In some studies, access to postoperative pain medication wasn´t identical. Patients received only a prescription for their pain medication (14). In the present trial, however, all patients were provided with the MP/IP for 4 days together with a treatment schedule and a thorough explanation. As a consequence, there was no need for patients to go to the pharmacy, which would explain the low prevalence of unintentional non-adherence in our trial. Moreover, pleasant communication via oral and written instructions is still important for good adherence (27, 28). Unlike the reported correlation between female gender and non-adherence, we demonstrated a positive association between male gender and non-adherence in a previous study (14). This apparent paradox might be explained by the inclusion of different types of surgery in two studies. For example, the inclusion of less painful scrotal surgery in the former study might have inflated the proportion of men in the non-adherence group. This statement supports the fact that gender has deviated from the ultimate model of logistic regression, indicating that postoperative pain is less likely to be a major predictor of adherence to pain medications as well as the short duration of action (14).

The present study faced several limitations. Firstly, this trial was not powered for secondary outcomes. Therefore, no firm conclusions could be drawn regarding the prevalence and predictors of patient non-adherence to pain medication. Secondly, patients had to assess their non-adherence to their study medication by themselves. Self-report was a subjective method to underestimate non-adherence (14, 29). Thirdly, patients were assessed at fixed time-points through telephone follow-up which may have been partly considered as an adherence intervention.

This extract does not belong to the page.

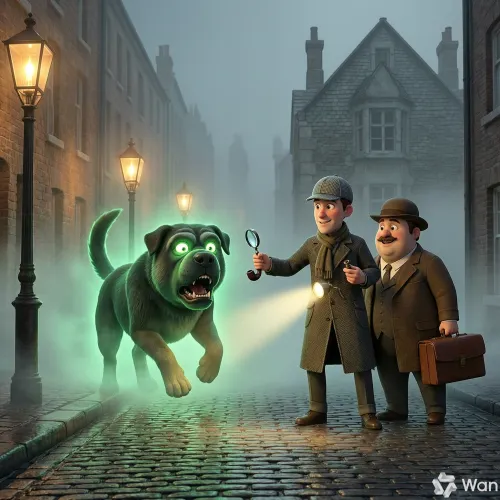 Un perro gigantesco que brilla en la oscuridad aparece entre la niebla mientras Holmes y Watson lo enfrentan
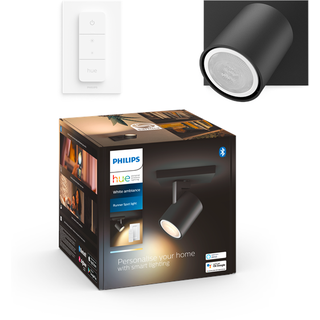 Philips Hue Runner Single Spotlight - Black - With Dimmer Switch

Indeed, this method may have influenced the patients’ behavior regarding medication adherence and therefore, may have biased our results.

Further research is required to focus on different types of ambulatory surgery, each of which has its unique pain profile. Therefore, it be added to a better postoperative treatment plan after surgery. It is important to evaluate the adherence of patients undergoing ambulatory surgery in a standardized manner via e-health interventions and tele monitoring-based medication boxes.

5.1. Conclusion

Our results suggested that different ambulant surgeries have their own unprecedented postoperative pain trajectory. Therefore, new strategies should be developed for the treatment of pain at home, particularly after ambulatory arthroscopic shoulder surgery, and hemorrhoid surgery. If the patients are provided with a multimodal analgesic home kit together with clear verbal and written instructions and intensive follow-up, the patient adherence will be likely.